[Opening SUPPLIED MATERIAL section]

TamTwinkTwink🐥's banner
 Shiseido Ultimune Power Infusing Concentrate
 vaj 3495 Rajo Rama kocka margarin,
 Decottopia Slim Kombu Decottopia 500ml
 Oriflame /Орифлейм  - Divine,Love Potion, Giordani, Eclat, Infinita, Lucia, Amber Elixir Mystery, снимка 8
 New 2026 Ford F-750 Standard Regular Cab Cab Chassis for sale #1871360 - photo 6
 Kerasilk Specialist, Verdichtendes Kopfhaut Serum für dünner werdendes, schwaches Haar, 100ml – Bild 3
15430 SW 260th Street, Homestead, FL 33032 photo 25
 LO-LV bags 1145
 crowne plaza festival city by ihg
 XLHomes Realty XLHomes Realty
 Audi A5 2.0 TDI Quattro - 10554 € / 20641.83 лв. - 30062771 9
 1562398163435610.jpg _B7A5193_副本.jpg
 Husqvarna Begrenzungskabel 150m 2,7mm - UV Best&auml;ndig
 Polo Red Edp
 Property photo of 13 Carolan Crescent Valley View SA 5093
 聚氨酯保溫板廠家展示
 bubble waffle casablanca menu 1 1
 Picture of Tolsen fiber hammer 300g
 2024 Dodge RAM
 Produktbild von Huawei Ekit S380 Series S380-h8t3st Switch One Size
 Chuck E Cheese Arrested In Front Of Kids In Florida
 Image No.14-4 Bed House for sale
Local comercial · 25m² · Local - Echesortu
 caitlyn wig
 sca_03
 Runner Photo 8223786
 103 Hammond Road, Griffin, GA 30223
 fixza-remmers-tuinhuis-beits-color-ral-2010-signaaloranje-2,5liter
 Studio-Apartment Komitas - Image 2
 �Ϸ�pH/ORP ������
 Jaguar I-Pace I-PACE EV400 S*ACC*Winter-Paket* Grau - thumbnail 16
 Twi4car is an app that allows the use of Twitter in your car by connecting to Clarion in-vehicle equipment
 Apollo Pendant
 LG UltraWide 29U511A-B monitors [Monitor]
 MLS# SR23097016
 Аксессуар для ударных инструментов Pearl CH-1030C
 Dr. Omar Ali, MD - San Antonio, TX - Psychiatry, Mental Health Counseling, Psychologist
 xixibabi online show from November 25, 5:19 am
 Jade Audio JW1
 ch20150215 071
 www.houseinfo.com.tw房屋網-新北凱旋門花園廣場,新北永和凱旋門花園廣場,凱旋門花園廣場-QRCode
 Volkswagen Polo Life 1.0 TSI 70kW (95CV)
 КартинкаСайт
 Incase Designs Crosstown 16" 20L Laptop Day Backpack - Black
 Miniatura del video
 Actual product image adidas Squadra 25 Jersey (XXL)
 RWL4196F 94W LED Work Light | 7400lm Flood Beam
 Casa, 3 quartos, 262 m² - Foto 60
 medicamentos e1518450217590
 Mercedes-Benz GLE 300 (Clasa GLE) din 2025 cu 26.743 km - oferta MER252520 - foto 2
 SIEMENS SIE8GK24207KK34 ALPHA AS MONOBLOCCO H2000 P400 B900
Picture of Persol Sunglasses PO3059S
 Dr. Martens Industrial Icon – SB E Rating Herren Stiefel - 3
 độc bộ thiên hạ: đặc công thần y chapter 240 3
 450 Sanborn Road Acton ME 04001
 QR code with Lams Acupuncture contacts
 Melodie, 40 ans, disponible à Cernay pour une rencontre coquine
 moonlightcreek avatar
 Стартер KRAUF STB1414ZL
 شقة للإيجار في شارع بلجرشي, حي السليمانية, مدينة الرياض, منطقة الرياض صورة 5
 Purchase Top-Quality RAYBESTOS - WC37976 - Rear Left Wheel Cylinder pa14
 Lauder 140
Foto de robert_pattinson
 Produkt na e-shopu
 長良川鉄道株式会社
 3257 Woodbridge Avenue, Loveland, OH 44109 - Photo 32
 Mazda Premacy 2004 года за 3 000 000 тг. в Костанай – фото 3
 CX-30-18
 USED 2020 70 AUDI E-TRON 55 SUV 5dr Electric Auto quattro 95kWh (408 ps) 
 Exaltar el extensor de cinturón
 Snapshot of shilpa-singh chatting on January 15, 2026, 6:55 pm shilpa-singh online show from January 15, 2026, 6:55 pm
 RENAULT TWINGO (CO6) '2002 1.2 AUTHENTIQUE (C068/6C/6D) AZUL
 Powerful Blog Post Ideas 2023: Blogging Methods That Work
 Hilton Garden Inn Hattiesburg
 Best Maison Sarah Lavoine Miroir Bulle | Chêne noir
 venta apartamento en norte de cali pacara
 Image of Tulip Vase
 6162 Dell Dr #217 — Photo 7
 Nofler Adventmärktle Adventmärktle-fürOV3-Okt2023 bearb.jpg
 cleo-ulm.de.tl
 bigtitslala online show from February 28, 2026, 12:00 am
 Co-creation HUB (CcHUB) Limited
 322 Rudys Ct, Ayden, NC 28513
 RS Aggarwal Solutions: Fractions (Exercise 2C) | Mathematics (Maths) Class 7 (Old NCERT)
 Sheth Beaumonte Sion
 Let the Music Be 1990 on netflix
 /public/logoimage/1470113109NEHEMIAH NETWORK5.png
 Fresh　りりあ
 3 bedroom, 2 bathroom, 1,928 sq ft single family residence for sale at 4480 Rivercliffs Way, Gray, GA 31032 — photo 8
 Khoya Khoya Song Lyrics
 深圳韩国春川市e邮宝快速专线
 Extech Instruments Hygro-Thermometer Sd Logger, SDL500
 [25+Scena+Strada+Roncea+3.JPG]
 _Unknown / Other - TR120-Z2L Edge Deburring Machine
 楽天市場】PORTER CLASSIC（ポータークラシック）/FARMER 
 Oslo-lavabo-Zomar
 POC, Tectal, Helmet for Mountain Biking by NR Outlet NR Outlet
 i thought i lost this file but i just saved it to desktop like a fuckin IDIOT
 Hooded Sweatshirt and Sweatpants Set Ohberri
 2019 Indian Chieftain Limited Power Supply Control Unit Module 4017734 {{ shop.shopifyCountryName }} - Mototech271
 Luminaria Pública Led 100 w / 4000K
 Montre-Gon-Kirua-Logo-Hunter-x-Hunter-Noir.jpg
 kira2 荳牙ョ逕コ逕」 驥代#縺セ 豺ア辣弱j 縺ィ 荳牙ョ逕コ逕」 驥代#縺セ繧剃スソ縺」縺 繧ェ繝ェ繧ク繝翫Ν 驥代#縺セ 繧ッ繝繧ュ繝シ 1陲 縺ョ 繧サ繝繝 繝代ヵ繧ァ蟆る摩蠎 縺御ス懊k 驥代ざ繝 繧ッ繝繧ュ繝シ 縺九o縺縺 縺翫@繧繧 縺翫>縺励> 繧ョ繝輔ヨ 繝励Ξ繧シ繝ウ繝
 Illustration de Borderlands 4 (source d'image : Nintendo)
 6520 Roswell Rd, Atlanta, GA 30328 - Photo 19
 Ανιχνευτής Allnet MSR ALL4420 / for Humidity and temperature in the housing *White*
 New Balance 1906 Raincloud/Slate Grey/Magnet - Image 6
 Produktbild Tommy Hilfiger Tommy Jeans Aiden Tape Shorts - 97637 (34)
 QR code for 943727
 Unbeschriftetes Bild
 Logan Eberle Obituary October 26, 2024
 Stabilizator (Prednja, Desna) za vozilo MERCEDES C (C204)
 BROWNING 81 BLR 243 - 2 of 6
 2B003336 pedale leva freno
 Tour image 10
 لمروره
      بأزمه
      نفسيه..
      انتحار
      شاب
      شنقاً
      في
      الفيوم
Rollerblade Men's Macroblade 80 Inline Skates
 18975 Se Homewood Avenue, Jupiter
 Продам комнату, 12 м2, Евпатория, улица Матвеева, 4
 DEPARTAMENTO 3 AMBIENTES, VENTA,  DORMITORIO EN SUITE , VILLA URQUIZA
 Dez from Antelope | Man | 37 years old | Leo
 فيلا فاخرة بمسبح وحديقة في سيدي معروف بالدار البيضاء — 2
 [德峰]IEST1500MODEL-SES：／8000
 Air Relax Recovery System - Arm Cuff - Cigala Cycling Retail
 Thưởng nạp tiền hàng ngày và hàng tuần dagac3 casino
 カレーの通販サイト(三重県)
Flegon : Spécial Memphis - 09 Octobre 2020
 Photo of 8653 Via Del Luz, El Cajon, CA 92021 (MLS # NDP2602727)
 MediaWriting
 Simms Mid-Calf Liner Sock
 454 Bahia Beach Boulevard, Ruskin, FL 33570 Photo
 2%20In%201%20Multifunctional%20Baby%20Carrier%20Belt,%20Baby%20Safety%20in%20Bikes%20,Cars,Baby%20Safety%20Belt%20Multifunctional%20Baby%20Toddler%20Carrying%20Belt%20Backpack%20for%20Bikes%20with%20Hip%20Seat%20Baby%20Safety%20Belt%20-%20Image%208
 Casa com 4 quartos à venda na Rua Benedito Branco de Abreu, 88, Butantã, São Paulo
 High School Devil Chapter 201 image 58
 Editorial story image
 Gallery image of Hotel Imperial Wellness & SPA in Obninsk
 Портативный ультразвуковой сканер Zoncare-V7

[Closing SUPPLIED MATERIAL section]

REQUIREMENT:
Copy out each line of the records above that includes "online".

RESULT FOR THIS TASK:
 xixibabi online show from November 25, 5:19 am
 Snapshot of shilpa-singh chatting on January 15, 2026, 6:55 pm shilpa-singh online show from January 15, 2026, 6:55 pm
 bigtitslala online show from February 28, 2026, 12:00 am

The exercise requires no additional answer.